Yellen Sworn In as Fed Chair as Bernanke Heads to Brookings

WASHINGTON — Janet Yellen was sworn in Monday as the 15th chairman of the Federal Reserve, becoming the first woman to lead the 100-year-old institution.

Yellen, 67, who previously served as vice chair at the central bank, succeeds former Fed Chairman Ben Bernanke for a four-year term that expires in 2018. Bernanke concluded his eight years of service on Jan. 31.

President Obama nominated Yellen, who was the former president of the San Francisco Fed and a member of the Council of Economic Advisors in the Clinton administration, in the fall. She was confirmed by the Senate 56 to 26 last month.

It will now fall to her to oversee how the Fed will continue to pull back its stimulus, while also keeping a watchful eye over the biggest financial institutions to avoid a relapse of the 2008 financial crisis.

Last week the Fed agreed to take another step forward in reducing the scale of its bond buying program down to $65 billion a month given the continued improvement in the U.S. economy.

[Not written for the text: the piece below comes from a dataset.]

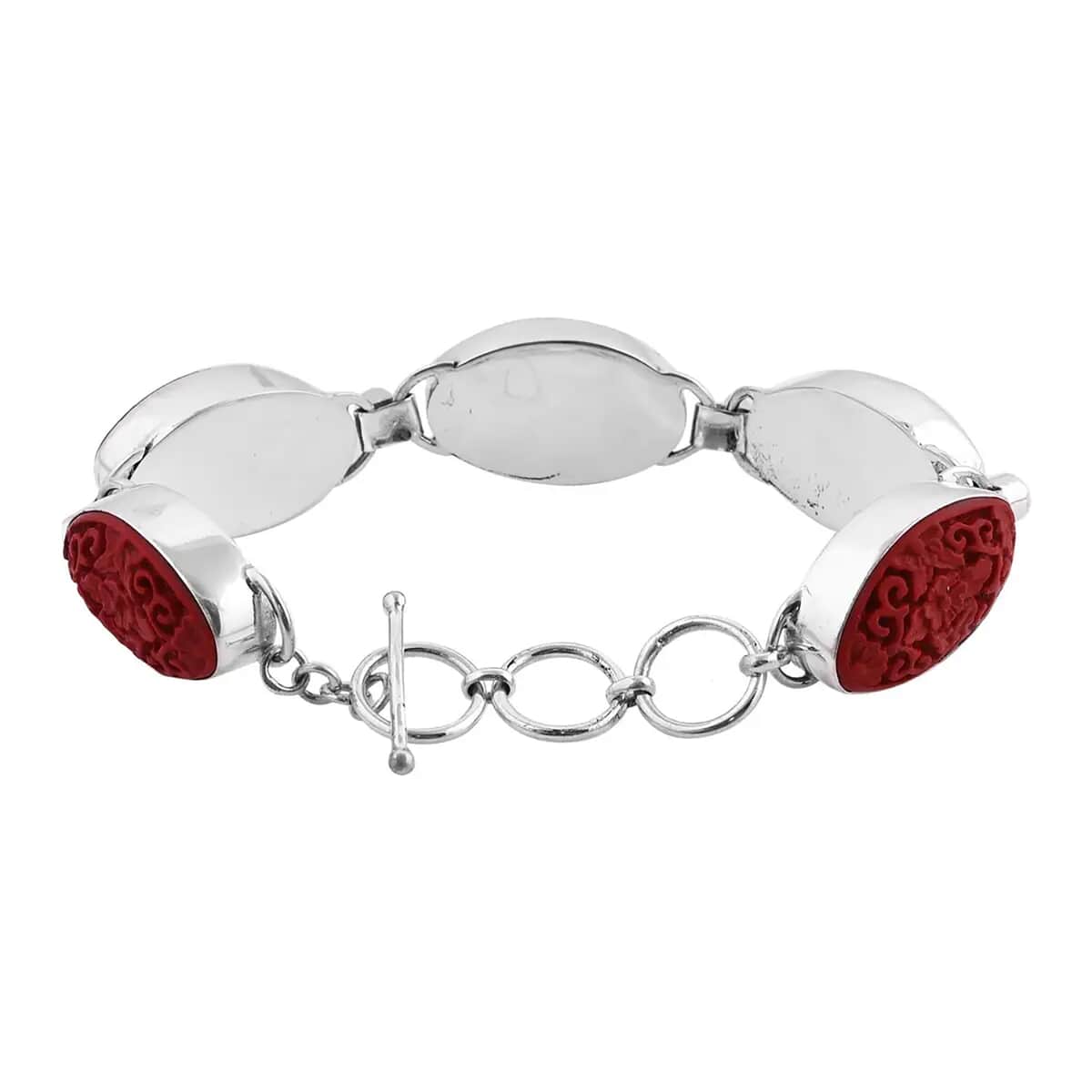 Sajen Silver Simulated Cinnabar Carved and Mozambique Garnet 42.10 ctw Butterfly & Floral Toggle Clasp Bracelet in Sterling Silver 6.50-8.50 image number 7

Bernanke, who created the unprecedented — and often controversial — bond buying program, known as quantitative easing, will be joining the Brookings Institution as a distinguished fellow in residence with the Hutchins Center on Fiscal and Monetary Policy, the think tank announced.

In a blog post, David Wessel, director of the center and the Wall Street Journal's former economics editor, said the former Fed chairman, who is credited with helping to keep the U.S. financial system from the brink of collapse, will finally have a chance to reflect on his tenure as he "presided over an historic experiment in monetary policy."

Under Bernanke, the Fed created QE to give policymakers an additional tool to help the economy recover from the worst recession since the Depression. With the benchmark rate near zero for more than five years, the U.S. central bank turned to buying billions of long-term asset purchases, which expanded the Fed's balance sheet to $4 trillion.

"Ben Bernanke won't have to sit through any more meetings of the Federal Open Market Committee or deliver the Fed's semi-annual testimony to an occasionally hostile Congress or listen to complaints from emerging-market central bankers when central bankers gather in Basel, Switzerland," wrote Wessel. "He won't have to check the computer screen to see what's been happening in Asian markets when he gets up every morning."

At his last scheduled public appearance at Brookings, Bernanke said during the throes of the 2008 financial crisis he had little time to sit back and contemplate all that was happening. Instead, he described the experience as a drive gone awry. "If you are in a car wreck, you are mostly involved in trying to avoid not going over the bridge, and then later on you say, 'Oh my god.'"

While at Brookings, Bernanke is planning to write a book, according to Wessel.

"We're looking forward to helping Mr. Bernanke with the book he plans to write, and to getting his advice as we work through to improve public understanding of fiscal and monetary policy and improve the quality and effectiveness of those policies."